HealthDay (6/14, Preidt) reported that, according to two studies published in the June issue of the Archives of Ophthalmology, “a healthy diet helps guard against cataracts, while certain medications raise the risks of this common cause of vision loss.” In a study of 1,808 middle-aged and elderly women, researchers found that those “who eat foods that contain high levels of a variety of vitamins and minerals may be less likely to develop nuclear cataract.” Meanwhile, a second study “found that medications that increase sensitivity to the sun — including antidepressants, diuretics, antibiotics, and the pain reliever naproxen sodium (commonly sold over-the-counter as Aleve) — increase the risk of age-related cataract.”

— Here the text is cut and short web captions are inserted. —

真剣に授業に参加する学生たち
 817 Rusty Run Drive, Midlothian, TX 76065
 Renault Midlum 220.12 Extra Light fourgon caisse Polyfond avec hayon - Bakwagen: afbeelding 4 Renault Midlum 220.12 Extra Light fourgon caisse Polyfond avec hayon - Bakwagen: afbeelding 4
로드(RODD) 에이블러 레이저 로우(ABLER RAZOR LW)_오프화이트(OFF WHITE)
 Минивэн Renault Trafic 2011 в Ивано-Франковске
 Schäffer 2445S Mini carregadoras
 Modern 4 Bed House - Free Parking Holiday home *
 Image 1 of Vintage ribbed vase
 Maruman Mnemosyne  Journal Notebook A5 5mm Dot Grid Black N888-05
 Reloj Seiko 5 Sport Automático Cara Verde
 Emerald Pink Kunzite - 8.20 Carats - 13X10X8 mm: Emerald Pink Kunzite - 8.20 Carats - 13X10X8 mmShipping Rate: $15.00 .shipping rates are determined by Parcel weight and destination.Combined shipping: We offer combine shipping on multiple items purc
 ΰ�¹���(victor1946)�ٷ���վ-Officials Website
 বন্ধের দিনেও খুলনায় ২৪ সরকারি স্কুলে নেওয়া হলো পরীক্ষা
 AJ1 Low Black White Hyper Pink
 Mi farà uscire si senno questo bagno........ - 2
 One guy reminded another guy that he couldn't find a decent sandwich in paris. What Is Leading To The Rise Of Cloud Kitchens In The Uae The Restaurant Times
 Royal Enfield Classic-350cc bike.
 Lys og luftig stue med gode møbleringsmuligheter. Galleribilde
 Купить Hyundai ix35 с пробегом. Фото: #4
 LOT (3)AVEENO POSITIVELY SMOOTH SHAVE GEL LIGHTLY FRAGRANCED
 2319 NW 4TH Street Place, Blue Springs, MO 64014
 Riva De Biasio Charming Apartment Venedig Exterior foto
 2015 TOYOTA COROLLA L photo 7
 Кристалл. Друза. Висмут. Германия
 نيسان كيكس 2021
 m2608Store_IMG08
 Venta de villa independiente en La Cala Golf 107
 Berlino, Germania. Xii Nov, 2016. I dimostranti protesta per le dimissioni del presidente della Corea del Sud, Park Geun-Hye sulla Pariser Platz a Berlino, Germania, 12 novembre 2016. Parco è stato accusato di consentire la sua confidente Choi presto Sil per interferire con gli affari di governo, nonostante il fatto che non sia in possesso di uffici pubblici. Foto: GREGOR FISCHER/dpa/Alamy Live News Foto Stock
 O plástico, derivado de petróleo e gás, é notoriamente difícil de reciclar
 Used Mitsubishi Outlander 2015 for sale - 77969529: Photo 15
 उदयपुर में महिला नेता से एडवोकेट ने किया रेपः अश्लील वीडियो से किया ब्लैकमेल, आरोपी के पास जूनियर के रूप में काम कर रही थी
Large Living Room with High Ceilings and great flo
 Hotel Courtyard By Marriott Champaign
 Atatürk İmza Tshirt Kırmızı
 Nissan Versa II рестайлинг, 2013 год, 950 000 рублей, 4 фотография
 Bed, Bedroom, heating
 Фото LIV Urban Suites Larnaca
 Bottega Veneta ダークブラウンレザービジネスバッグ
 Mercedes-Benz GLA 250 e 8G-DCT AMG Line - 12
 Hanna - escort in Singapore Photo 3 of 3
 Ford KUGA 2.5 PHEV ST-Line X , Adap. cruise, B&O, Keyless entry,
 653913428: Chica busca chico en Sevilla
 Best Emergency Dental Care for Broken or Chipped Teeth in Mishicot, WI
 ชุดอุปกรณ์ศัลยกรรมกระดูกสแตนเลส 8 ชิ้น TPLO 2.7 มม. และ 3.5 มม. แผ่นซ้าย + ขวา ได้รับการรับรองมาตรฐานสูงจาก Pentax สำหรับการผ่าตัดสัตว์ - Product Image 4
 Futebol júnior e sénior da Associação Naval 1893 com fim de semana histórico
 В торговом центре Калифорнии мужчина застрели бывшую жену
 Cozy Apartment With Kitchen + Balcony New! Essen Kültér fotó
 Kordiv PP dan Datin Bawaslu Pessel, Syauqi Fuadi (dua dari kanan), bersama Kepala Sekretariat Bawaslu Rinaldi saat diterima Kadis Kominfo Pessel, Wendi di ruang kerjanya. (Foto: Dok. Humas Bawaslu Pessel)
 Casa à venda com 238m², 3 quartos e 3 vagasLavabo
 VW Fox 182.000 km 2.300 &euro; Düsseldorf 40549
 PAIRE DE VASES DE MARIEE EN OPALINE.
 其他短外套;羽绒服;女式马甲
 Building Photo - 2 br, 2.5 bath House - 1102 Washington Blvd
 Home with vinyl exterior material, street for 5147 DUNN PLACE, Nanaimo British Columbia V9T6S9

WebMD (6/14, Woznicki) reported that in the first study, “the healthy diet linked to this reduced risk featured high quantities of fruits, vegetables, whole grains, and lean protein, such as beans, fish, eggs, and low quantities of salt and fat.” Notably, “taking multivitamin supplements did not appear to affect cataract risk.” The investigators pointed out, however, “that cataract risk was not ‘driven by any single dimension of diet.'”
“Higher prevalence of cataracts in women was also associated with other modifiable factors, such as smoking and obesity, and with nonmodifiable factors, such as brown eyes, myopia, and high pulse pressure,” MedPage Today (6/14, Frieden) reported. Still, “diet was the strongest risk factor related to reduced risk of nuclear cataract in this sample of postmenopausal women,” the study “authors noted,” adding, “Lifestyle improvements that include healthy diets, smoking cessation, and avoiding obesity may substantively lower the need for and economic burden of cataract surgery in aging American women.”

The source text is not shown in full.